== Task prompt ==
Could you restate the data below word for word, without its pictures?

== Data ==
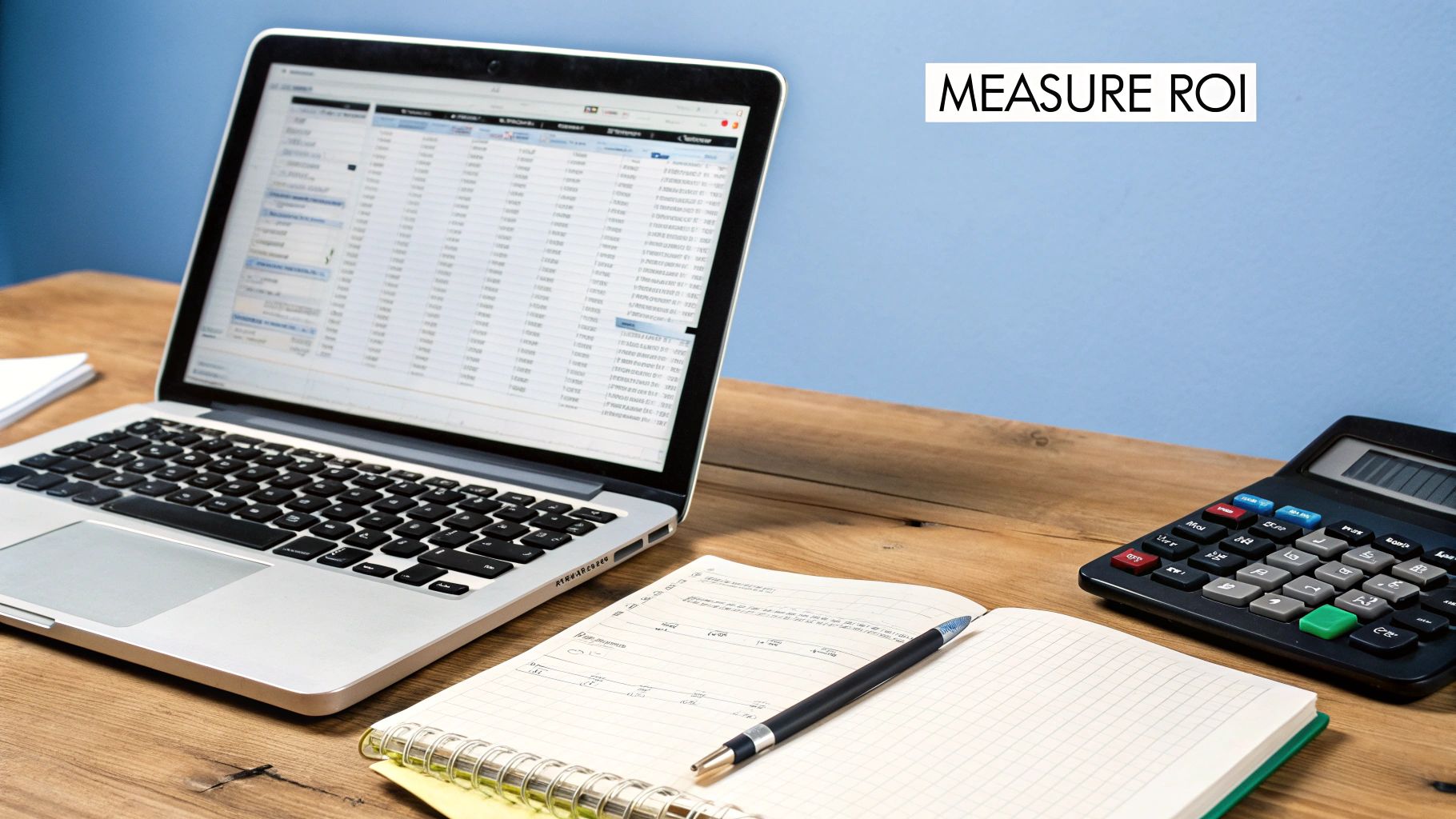 A laptop, notebook, pen, and calculator on a wooden desk, with text 'MEASURE ROI'.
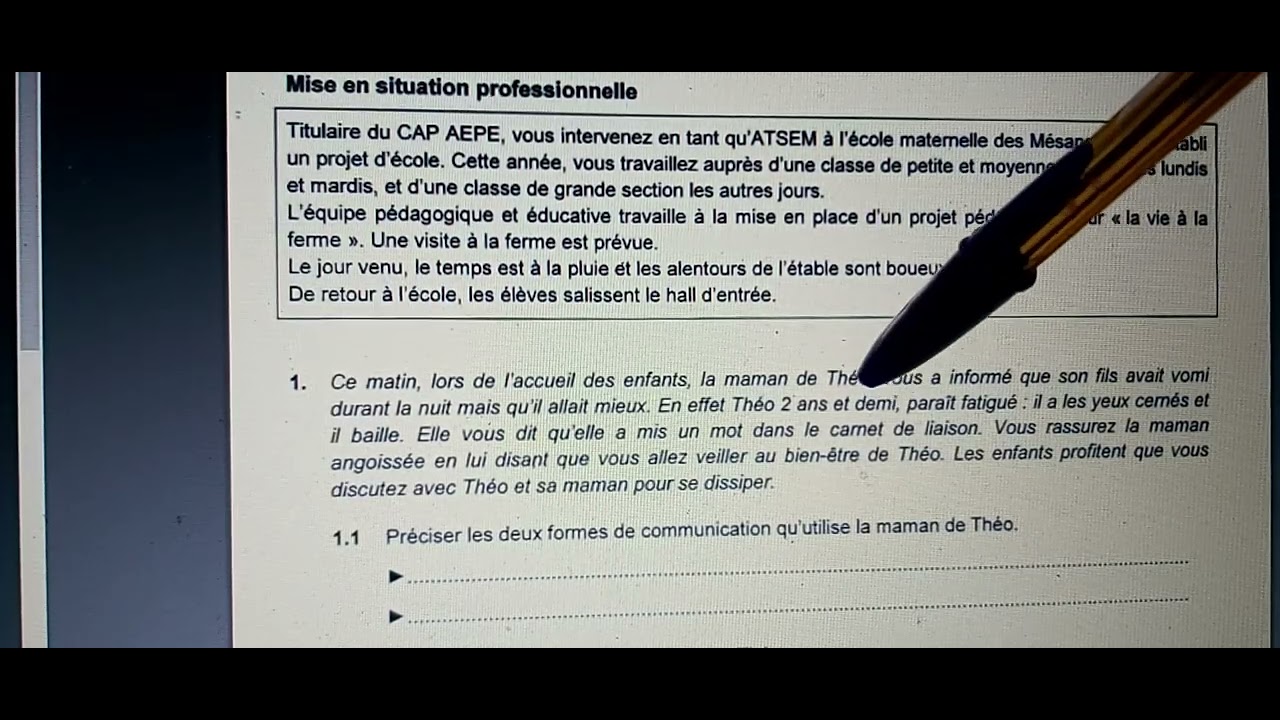 CAP AEPE : Épreuve Ep2,  mise en situation,  organisation
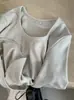 KEKEZOON Estilo Coreano de Principios de Invierno Simple Versátil Elástico Adelgazante Esponjoso Forrado Camiseta de Manga Larga con Cuello en U 9331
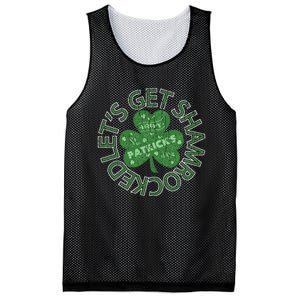 Distressed Let's Get Shamrocked Irish St Patrick Mesh Reversible Basketball Jersey Tank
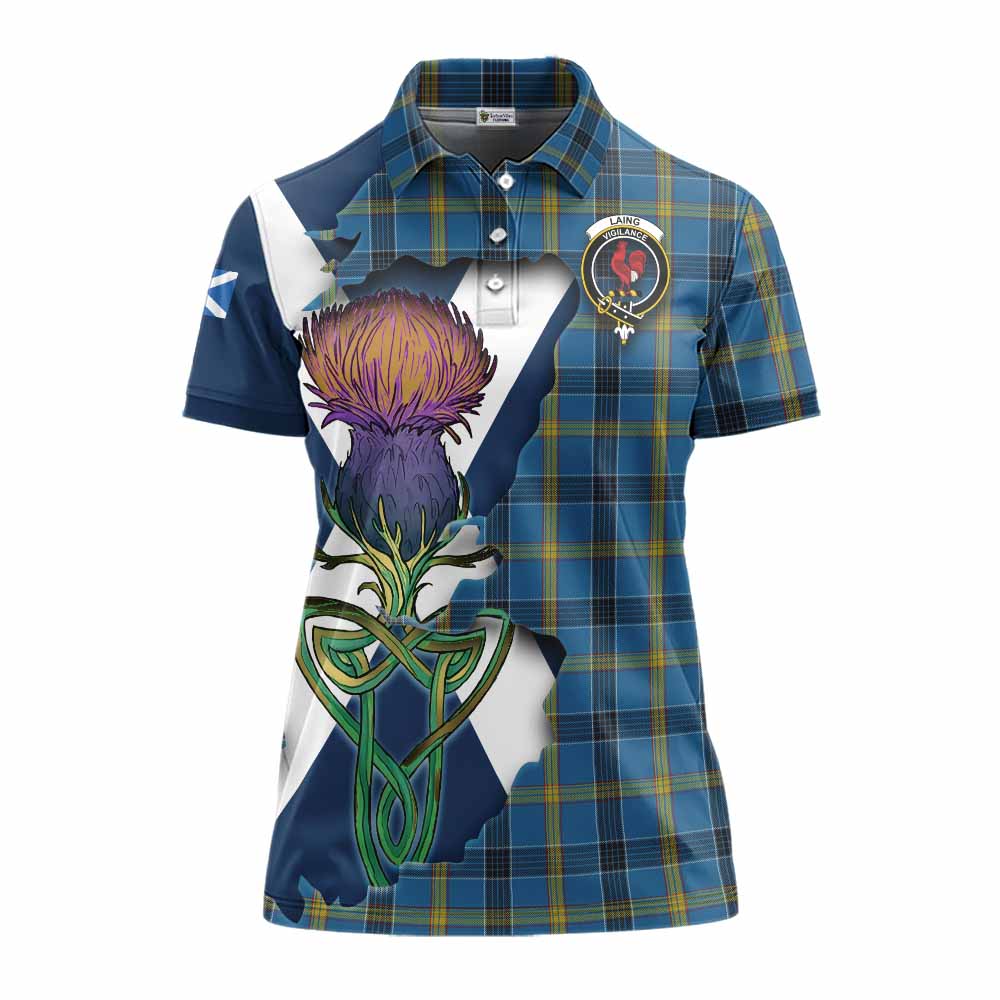 Tartan Vibes Clothing Laing Tartan Family Crest Women's Polo Shirt Scottish Thistle Celtic Inspired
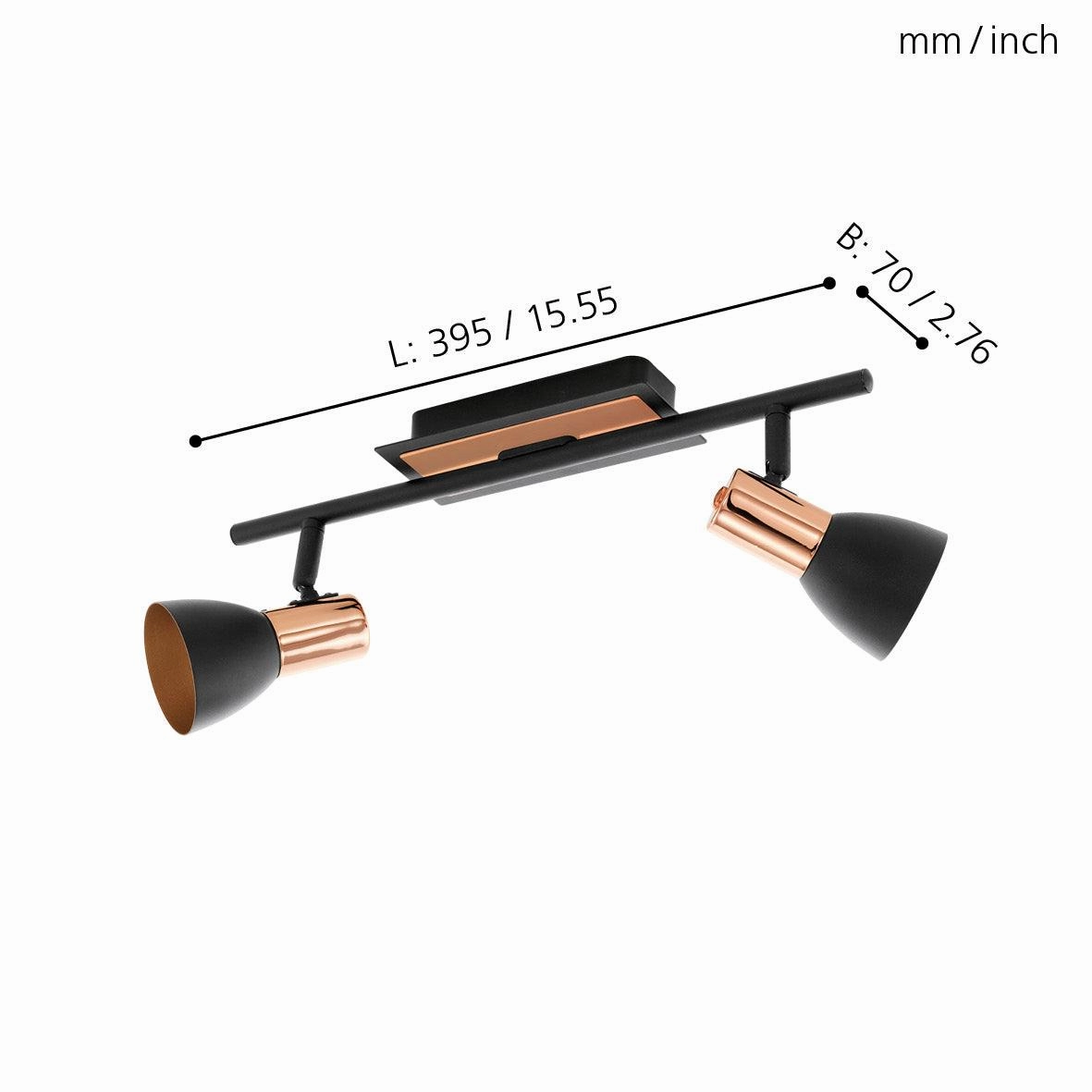Eglo Barnham Copper & Black 2 Light Bar Spotlight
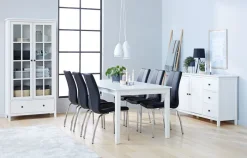 HAVNDAL Spisebordsstole|Spisebordsstol sort kunstlæder/krom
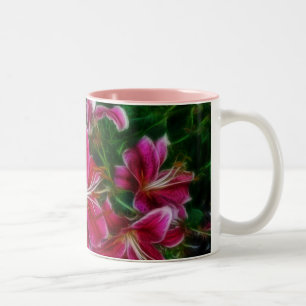 Pink Lilies Impressionist Floral Painting Art Two-Tone Coffee Mug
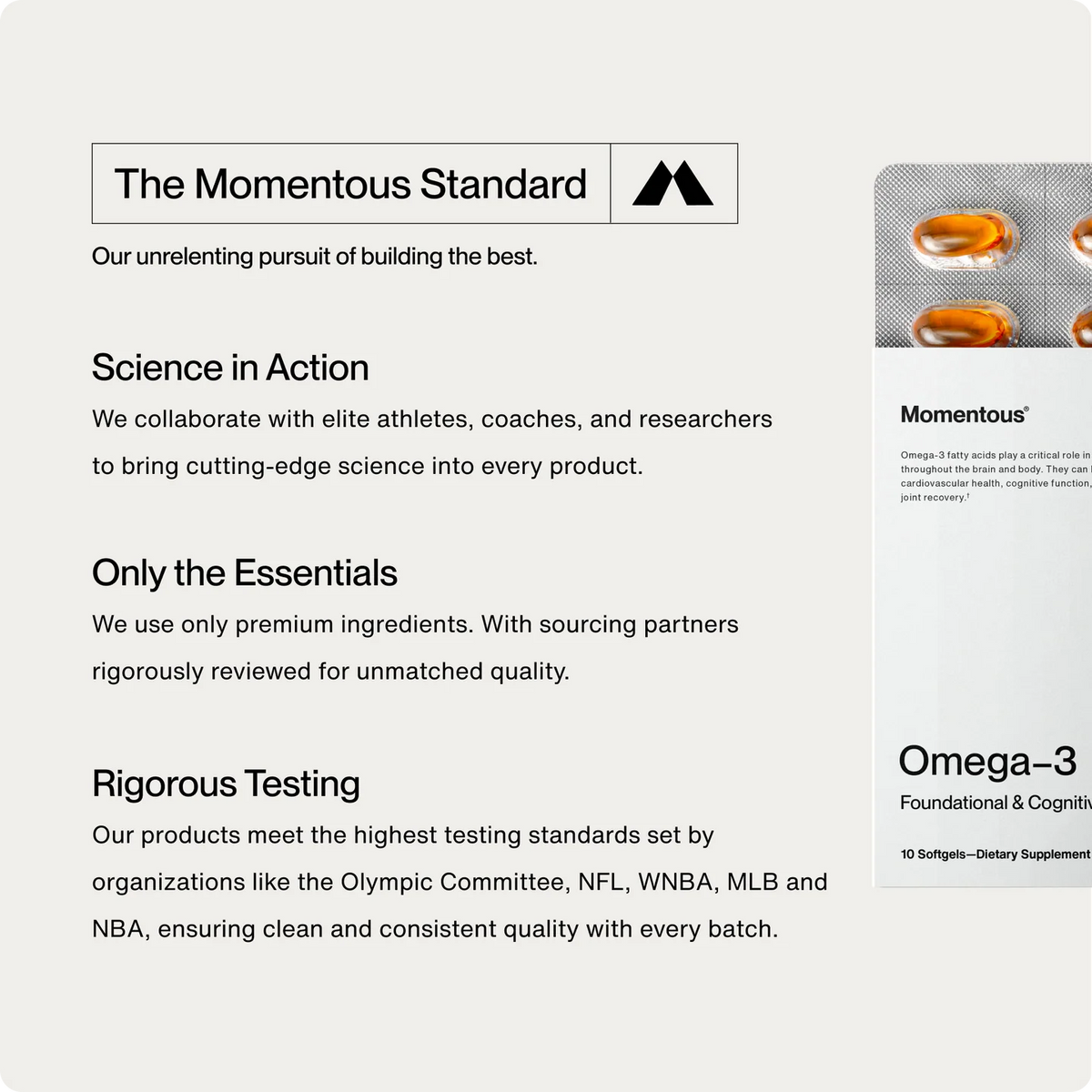 Momentous Omega-3 Softgel Capsules 5 Day Travel Pack benefits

== The answer ==
 A laptop, notebook, pen, and calculator on a wooden desk, with text 'MEASURE ROI'.
 CAP AEPE : Épreuve Ep2,  mise en situation,  organisation
 KEKEZOON Estilo Coreano de Principios de Invierno Simple Versátil Elástico Adelgazante Esponjoso Forrado Camiseta de Manga Larga con Cuello en U 9331
 Distressed Let's Get Shamrocked Irish St Patrick Mesh Reversible Basketball Jersey Tank
 Tartan Vibes Clothing Laing Tartan Family Crest Women's Polo Shirt Scottish Thistle Celtic Inspired
Eglo Barnham Copper & Black 2 Light Bar Spotlight
 HAVNDAL Spisebordsstole|Spisebordsstol sort kunstlæder/krom
 Pink Lilies Impressionist Floral Painting Art Two-Tone Coffee Mug
 Momentous Omega-3 Softgel Capsules 5 Day Travel Pack benefits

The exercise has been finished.